In the dying years of the Qing empire issues of national sovereignty and territorial integrity played a significant role in the vociferous rise of a new nationalism, and the agitation among elites and the populace at large for increased national assertiveness. In the Features section of this issue we introduce the work of younger scholars in a section called 'From the Edge'. Compiled by David Brophy and his colleagues this material focuses on the borderlands of the Qing empire during the years of tumult surrounding 1911, just as in New Scholarship Robbie Barnett offers a reflection on Owen Lattimore and the abiding importance of understanding China's still, and crucially, restive 'peripheries'.

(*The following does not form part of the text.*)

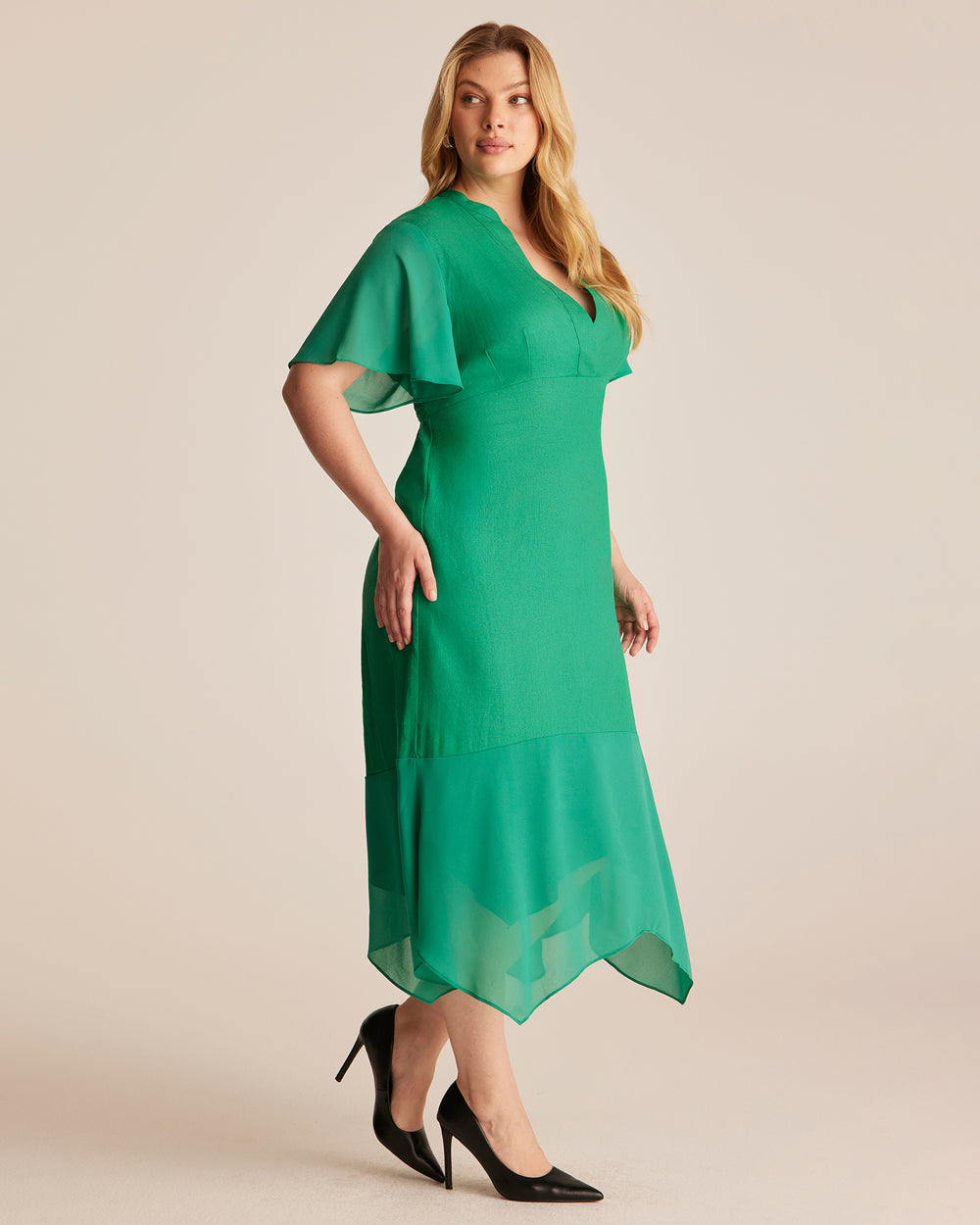 Claudia Dress - GREEN - Estelle Clothing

Also in Features we offer an overview of Xinhai-related Chinese-language publications from the site 1510 (Yiwu Yishi Buluo 一五一十部落, at: http://my1510.cn/). This compilation reflects the wealth of new material on the Xinhai period that has appeared during this year. Various monographs, edited volumes and book series revisit historical personalities, the origins of the revolution and its complex and contradictory repercussions. An overview of discussions of Xinhai in the Chinese popular media is provided in selection of material from the CIW-Danwei Online Archive. In this section we also present a sample of views on Xinhai in Chinese from the noted historians Lei Yi 雷颐, Yang Guoqiang 杨国强 and Qin Hui 秦晖, gleaned from the leading Xinhai-related websites Xinhai Geming wang and Xinhai Geming.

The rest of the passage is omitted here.